By comparison, the 2nd edition of Kill Team had 33 expansions. A good portion of these were terrain kits, but for serious players you needed to either have the expansions, or have access to them because otherwise you would be going into the game blind, without any idea at all of how your opponent's army worked. This is the same system that Games Workshop implemented when I was a kid. When I played 5th edition Warhammer Fantasy I had to buy all the army books for my existing armies, and when I started playing tournaments in university I had to buy, borrow or spend hours leafing through the store copies in the Games Workshop stores to learn the capabilities of enemy armies.
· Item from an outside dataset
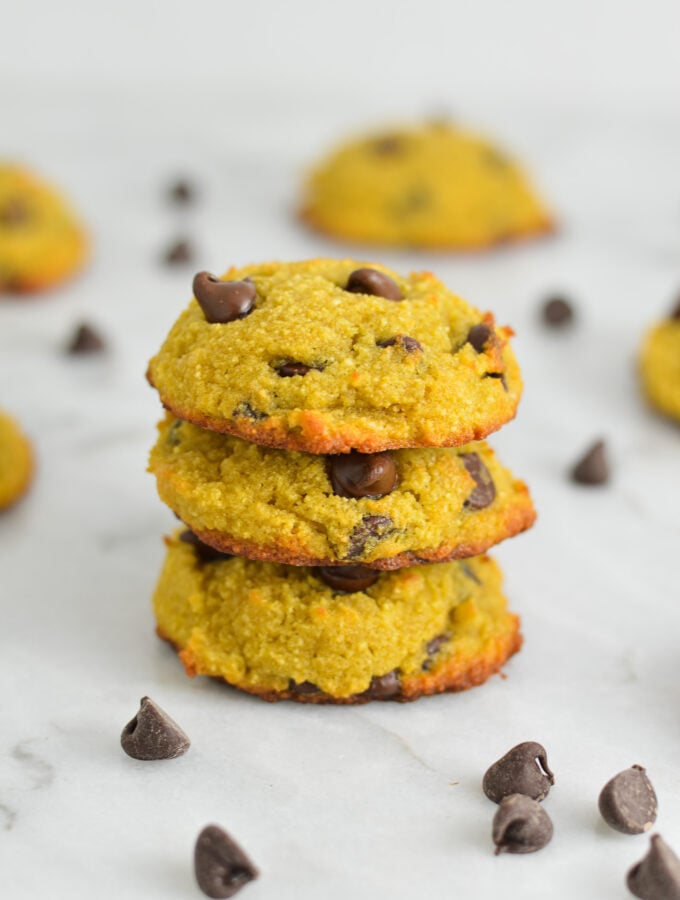 A stack of Coconut Flour Chocolate Chip Cookies, with the melty chocolate chips showing at the top of the soft cookies.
When the game rolled over into 6th edition I had to start the process anew, and that required another outlay. Staggered army book releases also resulted in power creep, in which newer armies became progressively stronger than older ones. You were like a hamster, forever running, always spending just to keep up.
The 3rd edition of Kill Zone came out in 2021, along with a compendium which summarizes all the forces to date. This is the perfect starting point for a neophyte like myself, even if I know that all the forces detailed in the compendium will be superseded by later releases. I don't need an army - I can use my existing models as proxies. I just need to acquire the rules and see what models are the best fit for the factions within the rule set. I even have legitimate GW models I can use - I bought a bunch of Primaris Space Marines for my Dark Angels army in my short foray into 40K. Knowing myself, however, I have to be careful not to get sucked in once again into the GW paradigm. The mission is to play more games to motivate myself to paint my existing sci-fi miniatures, not to drop a few hundred dollars on another game I'll only play a couple of times. I need games to motivate myself to paint, and if I can't play Deadzone, I'll have to play Kill Team instead.